In the last ten years, the production for unconventional, shale, plays is becoming increasingly important. During the development phase, multiple wells are drilled in a single section and the production from adjacent wells can vary significantly. Based on this observation, there is a notion in the oil and gas industry that horizontal wells drilled in shale plays appear to be random in nature; i.e., the production from adjacent wells show no apparent correlation. This lack of correlation is attributed to the variability of the hydraulic fractures, ignoring the underlying geology. The current SPEE (Society of Petroleum Engineering Evaluation Engineers) monograph (SPEE, 2011) on reserve estimation implicitly assumes the performance of adjacent wells to be randomly correlated.

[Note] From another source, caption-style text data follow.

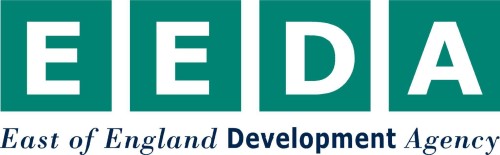 Eeda Logo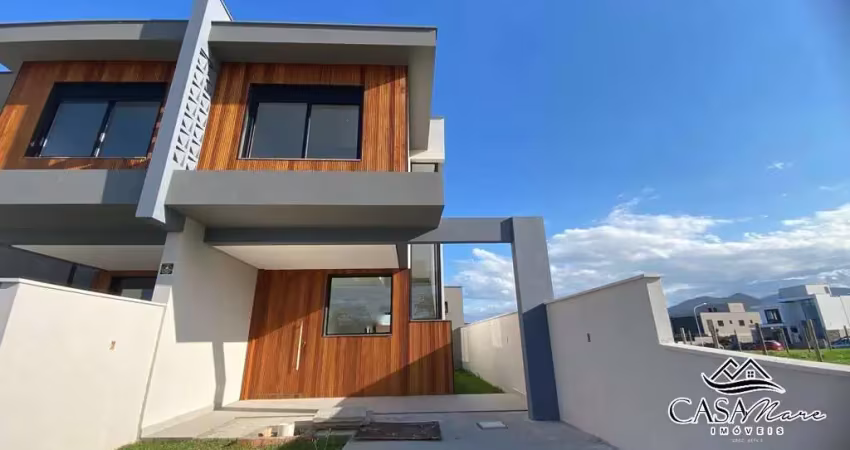 Casa com 3 quartos à venda na Servidão José João Vieira, 4, Campeche, Florianópolis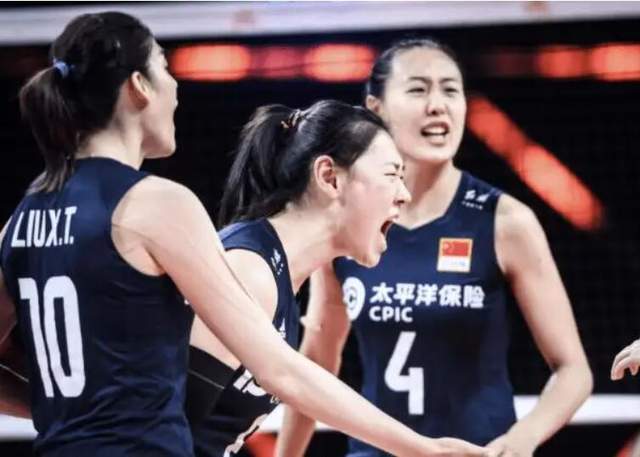蔡斌|中国女排多面手发文，亲证队伍出现变故，蔡斌恐将重组阵容
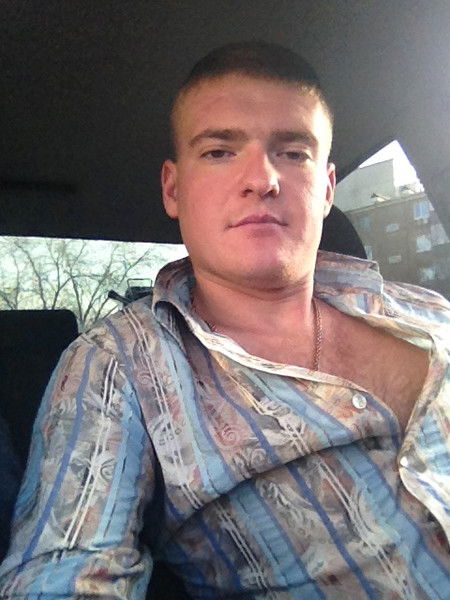 Владимир Шимон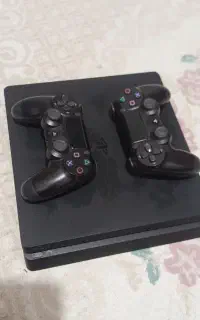 ps4 slim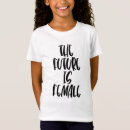 Zoek naar feminisme kleding Vrouw empowerment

This study questions the SPEE approach and provides an alternative methodology for evaluating reserves from unconventional formations. We perform a case study on the Eagle Ford shale formation in south and central Texas and the issue of the underlying geological continuity is addressed by properly accounting for the scale. The key difference between vertical and horizontal wells is that vertical wells’ performance can be closely tied to the core and log data collected at the well location as the productivity of the well can be correlated to the information at the well. Horizontal wells differ significantly from vertical wells since the log data collected from the vertical portion of the well and the production obtained from the horizontal wells come from different parts of the reservoir. The only way we can correlate the log response data to the horizontal well production data is by scaling the data appropriately which is done by averaging the production data around the horizontal well location. Thus, this recalibrated production data represents the productivity around that region. Geostatistics provides the necessary tools to properly scale the initial potential from the horizontal wells. In addition to scaling the production data, we also scale the well log data and compare the scaled well log data to production data. The correlation between the two clearly illustrates that there is an underlying relationship between the log data collected and the potential of the wells. Using this developed relationship, it is demonstrated that geology matters in high grading the well locations in shale plays. The uncertainty about the performance of the horizontal wells can be significantly reduced by using the well log information that will help interpret the well performance at each un-drilled location. Future predictions of well performance made using this model indicates that the method is successful in correctly predicting the performance of future wells. Although the methodology is only applied to Eagle Ford data, it can be easily adapted to other shale plays.